In the South, Captain Sally Louisa Tompkins, also known as the “Angel of the Confederacy,” became, at the age of 28, the first woman to be commissioned into the Confederate Army—also the first woman in American history to be formally inducted into the military. She ran a home-turned-hospital in Richmond. The medical practices of the private Robertson Hospital reflected Tompkins’s compassionate and meticulous dedication to cleanliness and care and its reputation began to spread. It was said that wounded soldiers in Richmond would beg for admittance to the Robertson hospital and commanders were known to send their most critical cases there.
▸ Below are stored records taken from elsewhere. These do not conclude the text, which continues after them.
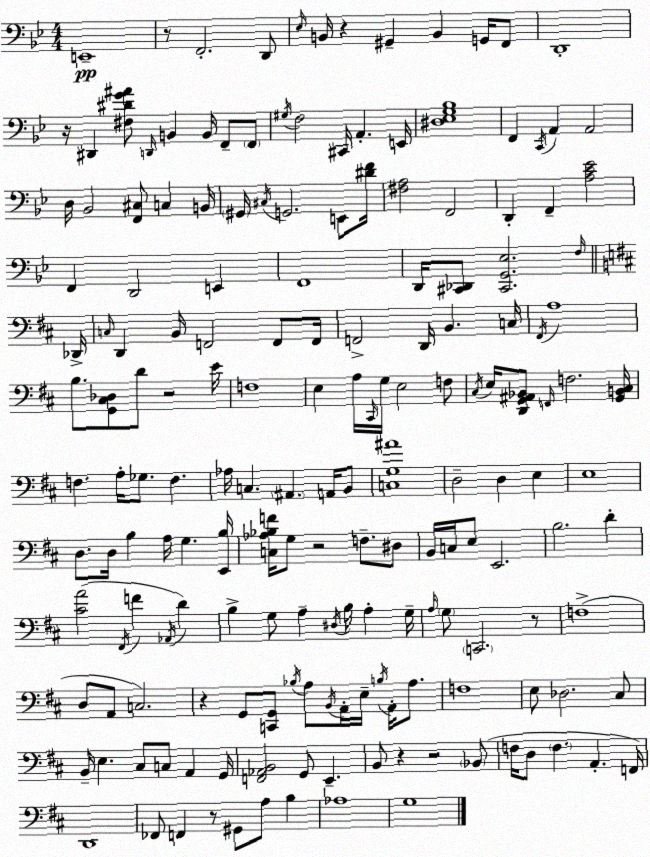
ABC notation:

X:1
T:Untitled
M:4/4
L:1/4
K:Gm
E,,4 z/2 F,,2 D,,/2 _E,/4 B,,/4 z ^G,, B,, G,,/4 F,,/2 D,,4 z/4 ^D,, [^F,^DG^A]/2 D,,/4 B,, B,,/4 F,,/2 F,,/2 ^G,/4 F,2 ^C,,/4 A,, E,,/4 [^D,_E,G,_B,]4 F,, C,,/4 A,, A,,2 D,/4 _B,,2 [F,,^C,]/2 C, B,,/4 ^G,,/4 ^C,/4 G,,2 E,,/2 [^DF]/4 [^F,A,]2 F,,2 D,, F,, [A,C_E]2 F,, D,,2 E,, F,,4 D,,/4 [^C,,_D,,]/2 [^C,,G,,_E,]2 F,/4 _D,,/4 C,/4 D,, B,,/4 F,,2 F,,/2 F,,/4 F,,2 D,,/4 B,, C,/4 ^F,,/4 A,4 B,/2 [G,,^C,_D,]/2 D/2 z2 E/4 F,4 E, A,/4 ^C,,/4 G,/4 E,2 F,/2 ^C,/4 E,/4 [D,,G,,^A,,_B,,]/2 F,,/4 F,2 [G,,B,,^C,]/4 F, A,/4 _G,/2 F, _A,/4 C, ^A,, A,,/4 B,,/2 [C,G,^A]4 D,2 D, E, E,4 D,/2 D,/4 B, A,/4 G, [E,,B,]/4 [C,_A,_B,F]/4 G,/2 z2 F,/2 ^D,/2 B,,/4 C,/4 E,/2 E,,2 B,2 D [^CA]2 ^F,,/4 F _A,,/4 D B, G,/2 A, ^D,/4 B,/4 A, G,/4 A,/4 G,/2 C,,2 z/2 F,4 D,/2 A,,/2 C,2 z G,,/2 [C,,G,,]/2 _B,/4 A,/2 B,,/4 A,,/4 E,/4 B,/4 A,,/4 A,/2 F,4 E,/2 _D,2 ^C,/2 B,,/4 E, ^C,/2 C,/2 A,, G,,/4 [F,,_A,,B,,]2 G,,/2 E,, B,,/2 z z2 _B,,/2 F,/4 D,/2 F, A,, F,,/4 D,,4 _F,,/2 F,, z/2 ^G,,/2 A,/2 B, _A,4 G,4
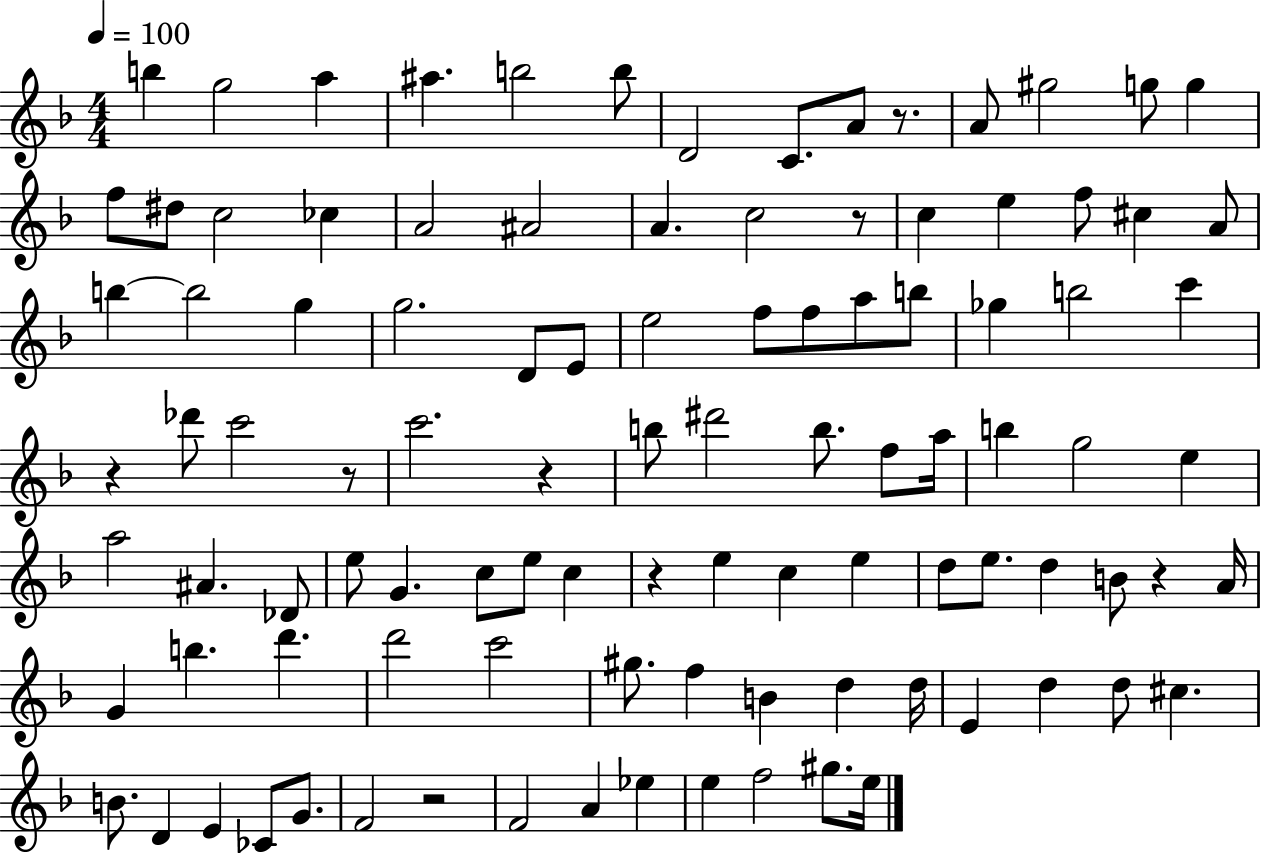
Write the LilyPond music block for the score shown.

{
  \clef treble
  \numericTimeSignature
  \time 4/4
  \key f \major
  \tempo 4 = 100
  b''4 g''2 a''4 | ais''4. b''2 b''8 | d'2 c'8. a'8 r8. | a'8 gis''2 g''8 g''4 | \break f''8 dis''8 c''2 ces''4 | a'2 ais'2 | a'4. c''2 r8 | c''4 e''4 f''8 cis''4 a'8 | \break b''4~~ b''2 g''4 | g''2. d'8 e'8 | e''2 f''8 f''8 a''8 b''8 | ges''4 b''2 c'''4 | \break r4 des'''8 c'''2 r8 | c'''2. r4 | b''8 dis'''2 b''8. f''8 a''16 | b''4 g''2 e''4 | \break a''2 ais'4. des'8 | e''8 g'4. c''8 e''8 c''4 | r4 e''4 c''4 e''4 | d''8 e''8. d''4 b'8 r4 a'16 | \break g'4 b''4. d'''4. | d'''2 c'''2 | gis''8. f''4 b'4 d''4 d''16 | e'4 d''4 d''8 cis''4. | \break b'8. d'4 e'4 ces'8 g'8. | f'2 r2 | f'2 a'4 ees''4 | e''4 f''2 gis''8. e''16 | \break \bar "|."
}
In order to avoid accusations of malingering and dodging of military service, Confederate President Jefferson Davis issued regulations requiring all hospitals to be under military command and the private hospitals were, for the most part, forced to close. In a stunning move that broke military and social tradition, he allowed Tompkins to continue her work and keep her excellent facility open by commissioning her as a captain in the Confederate States Army. She was then legally able to sustain the hospital’s operation and to obtain her medical supplies from military stores. Tompkins operated the Robertson Hospital throughout the war, treating 1,334 wounded men with only 73 deaths in its 45 months of existence, a survival rate of 94.5%, thought to be the highest of any Confederate military hospital during the war.